• **WHAT THE EXERCISE ASKS**:
Please find the number of lines in the material below where the string "Blvd" occurs, and give only that number.
####
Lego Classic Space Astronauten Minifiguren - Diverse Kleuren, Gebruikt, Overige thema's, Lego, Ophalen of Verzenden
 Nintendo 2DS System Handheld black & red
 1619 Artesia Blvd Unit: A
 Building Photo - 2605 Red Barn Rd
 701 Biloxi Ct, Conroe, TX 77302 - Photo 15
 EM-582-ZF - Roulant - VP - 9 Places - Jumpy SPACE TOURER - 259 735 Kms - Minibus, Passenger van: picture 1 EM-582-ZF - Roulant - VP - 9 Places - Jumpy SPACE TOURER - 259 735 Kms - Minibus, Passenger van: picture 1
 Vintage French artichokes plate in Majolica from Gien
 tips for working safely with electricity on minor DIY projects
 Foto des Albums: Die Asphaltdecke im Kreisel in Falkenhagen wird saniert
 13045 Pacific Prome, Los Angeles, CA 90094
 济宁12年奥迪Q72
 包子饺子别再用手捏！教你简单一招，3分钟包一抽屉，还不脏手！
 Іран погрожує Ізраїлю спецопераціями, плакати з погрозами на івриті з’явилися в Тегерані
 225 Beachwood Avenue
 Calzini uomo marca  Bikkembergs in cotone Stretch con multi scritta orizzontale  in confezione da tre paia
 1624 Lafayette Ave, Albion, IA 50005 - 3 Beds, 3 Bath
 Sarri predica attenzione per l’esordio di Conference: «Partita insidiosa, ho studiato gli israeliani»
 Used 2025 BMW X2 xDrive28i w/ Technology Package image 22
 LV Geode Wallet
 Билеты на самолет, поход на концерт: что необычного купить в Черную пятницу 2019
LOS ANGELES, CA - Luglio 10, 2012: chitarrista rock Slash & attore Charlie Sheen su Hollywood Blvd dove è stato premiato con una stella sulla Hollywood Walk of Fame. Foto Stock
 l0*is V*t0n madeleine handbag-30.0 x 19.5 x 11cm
####
• **ANSWER TO THIS EXERCISE**:
2